Game does not play like a SC2 mod. It's also beautiful. It's just that some assets are unfinished or not yet textured. Have you seen the Vulcan? The Atlas? The swarmy Gaunts and Fiends with those giant, cool freaking Weavers stomping around? There's a lot of personality to this game and a lot more to come.
It really takes getting your hands dirty with the game and watching some really good players to fully grasp the goodness.
Give it a shot. Tune into the EGC tournament coming up! Competitive play is already really delivering for Stormgate imo.
EDIT: For the people with a lot of negative criticism, I'm curious how many games you've played and time you've spent with the game in general.
I agree that Stormgate has a personality, something in it is "beautiful" and i do also agree that high level games played in the current version show potential. But... it lacks, at least for me, something that hooks me in. I have tried it several times, but i do not feel the desire to really go up the route of really learn it. For example, starting SC2 in 2010 i really wanted to play more of it, getting better while Stormgate does not give me this feeling
I like many of the "macro" design decisions of this game. I like no armour and attack upgrades because it makes mid game strategy switches more viable. I like the veterancy mechanic because it motivates the player to keep their units alive. I like the simplified resource gathering model because macro feels like household chores and combat is the most fun. I like the longer battles and the slower time to kill because it allows me to do more cool micro. So much of the best elements of C&C have been brought to this game.
Art/Graphics/Presentation In the world of art it is also hard to identify who is a genius. Samwise Didier is looking more and more like a genius level artist the more I play Stormgate. Part of Didier's genius is that his art always fit within making the game play shine. It is hard to replace a genius.
Frost Giant included so many elements I love about RTS and were lacking or not present in SC2. However, Stormgate does not "grab" me the way other RTS games have since 1998; it does not feel like a big leap in improvement over previous RTS games.

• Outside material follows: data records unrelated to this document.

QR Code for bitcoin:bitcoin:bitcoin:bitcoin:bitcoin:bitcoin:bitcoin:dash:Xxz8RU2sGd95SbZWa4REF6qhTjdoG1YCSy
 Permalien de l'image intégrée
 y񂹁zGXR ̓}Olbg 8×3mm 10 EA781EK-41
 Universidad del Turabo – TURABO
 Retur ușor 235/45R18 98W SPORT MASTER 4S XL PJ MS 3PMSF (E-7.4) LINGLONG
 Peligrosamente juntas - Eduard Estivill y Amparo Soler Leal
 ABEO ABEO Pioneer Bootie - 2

I feel like this game in an "early access" stage is in a situation very similar to Fire Pro Wrestling World was in , in July 2017. Stormgate and Fire Pro Wrestling are niche, distinct, inspired game types sitting within a small niche genre. Both have unremarkable graphics. It has been 10+ years since this distinct niche game type has been iterated upon. Fire Pro Wrestling World had almost no marketing budget. Early Access delivers a fraction of a game. The declining Early Access #s of Fire Pro Wrestling almost exactly mirror Stormgate's declining #s. Fire Pro Wrestling World faced oblivision during early access until it was rescued by a New Japan Pro Wrestling licsensing deal.
And we all lived happily ever after. FPWW turned out to be great because they created a great Sandbox experience. The community created 120,000 wrestlers with 1.4 MILLION unique parts over a 3 year time period.
If Frost Giant creates a great RTS sandbox then Stormgate has a shot at lasting a long time. I think the Mandalorian said it best: "A great sandbox is the way".
Step 1 to a great sandbox. Allow me to put whatever unit skins I want on my units and the enemy units. Allow my opponent to do the same. Sell a bazillion different skins in the cash shop. If certain people view certain skins as "unreadable" those people can dress their enemy units in whatever skins they want.